(Reuters) – Michigan Governor Gretchen Whitmer on Thursday is expected to announce that the state’s factories can reopen soon, removing one of the last major obstacles to North American automakers bringing thousands of laid-off employees back to work amid the coronavirus pandemic, two people familiar with the plans said.
Companies will be told they can begin work next week at their plants, including training their workforces for the restart, the sources said.
This week, General Motors Co (GM.N) and Fiat Chrysler Automobiles NV (FCA) (FCHA.MI) (FCAU.N) had said they were targeting resuming vehicle production in North America on May 18, but suppliers would need time to prepare ahead for that date.
Whitmer is scheduled to provide an update of the state’s handling of the coronavirus outbreak at 3 p.m.
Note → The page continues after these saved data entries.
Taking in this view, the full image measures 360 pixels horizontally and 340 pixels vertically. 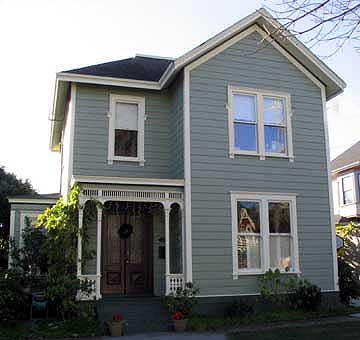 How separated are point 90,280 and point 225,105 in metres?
5.53

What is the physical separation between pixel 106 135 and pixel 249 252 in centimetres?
481

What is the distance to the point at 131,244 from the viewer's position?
12891mm

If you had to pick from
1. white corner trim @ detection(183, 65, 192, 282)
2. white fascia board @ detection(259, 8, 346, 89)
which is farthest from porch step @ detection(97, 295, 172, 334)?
white fascia board @ detection(259, 8, 346, 89)

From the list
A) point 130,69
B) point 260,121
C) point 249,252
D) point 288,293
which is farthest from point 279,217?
point 130,69

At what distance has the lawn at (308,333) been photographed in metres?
9.03

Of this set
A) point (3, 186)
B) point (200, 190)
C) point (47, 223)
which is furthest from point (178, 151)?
point (3, 186)

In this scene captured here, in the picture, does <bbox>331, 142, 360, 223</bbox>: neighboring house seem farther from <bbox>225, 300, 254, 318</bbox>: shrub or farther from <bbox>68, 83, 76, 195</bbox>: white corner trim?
<bbox>68, 83, 76, 195</bbox>: white corner trim

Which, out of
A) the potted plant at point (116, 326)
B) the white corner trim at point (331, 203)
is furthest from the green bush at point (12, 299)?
the white corner trim at point (331, 203)

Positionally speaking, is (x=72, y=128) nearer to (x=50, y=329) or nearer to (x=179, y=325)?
(x=50, y=329)

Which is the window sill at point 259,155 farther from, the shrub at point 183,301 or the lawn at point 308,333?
the lawn at point 308,333

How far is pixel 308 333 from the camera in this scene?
30.9ft

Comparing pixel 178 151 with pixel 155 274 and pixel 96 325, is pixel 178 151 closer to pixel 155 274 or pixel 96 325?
pixel 155 274

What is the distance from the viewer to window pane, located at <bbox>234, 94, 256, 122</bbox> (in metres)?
12.7

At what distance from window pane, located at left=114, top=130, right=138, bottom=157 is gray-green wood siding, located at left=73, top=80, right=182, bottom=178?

EDT.
The governor previously extended the state’s coronavirus stay-at-home order through May 15, but lifted restrictions for some businesses other than manufacturing. Neighboring Ohio allowed manufacturing to resume on Monday, and Whitmer had faced increasing calls to follow suit.
Michigan’s shutdown had stymied efforts by the Detroit Three and rival automakers to restart vehicle assembly anywhere in the United States, because so many critical parts suppliers are based in the state.
Automakers and their suppliers already have begun gearing up for a possible resumption of work at their U.S. plants, but needed the official go-ahead from Whitmer.
On Wednesday, No. 1 U.S. automaker GM said it was aiming to reopen its North American plants on May 18, the day after smaller Italian-American rival FCA provided the same target. Ford Motor Co (F.N) has not said what date it is targeting.
The automakers’ plans were tacitly approved on Tuesday by the United Auto Workers union, which represents the Detroit automakers’ hourly U.S. plant workers. The union had previously said early May was “too soon and too risky” to restart manufacturing.
Whitmer, a Democrat, has come under pressure from some Michigan residents and Republican lawmakers to ease her lockdown of the state to prevent the spread of COVID-19, the respiratory illness caused by the novel coronavirus. She has emphasized a phased approach to reopening the state, addressing regions and businesses that are less affected or better protected.
Whitmer has been mentioned as a potential running mate for presumptive Democratic presidential nominee Joe Biden and has been a target of criticism from Republican President Donald Trump.
Michigan, which Trump narrowly won in 2016, is considered a crucial swing state in the November presidential election and the state’s COVID-19 infections rank among the highest in the country. As of Wednesday, Michigan had more than 45,000 COVID-19 cases and 4,250 deaths, but state officials have said the rate of infection has slowed.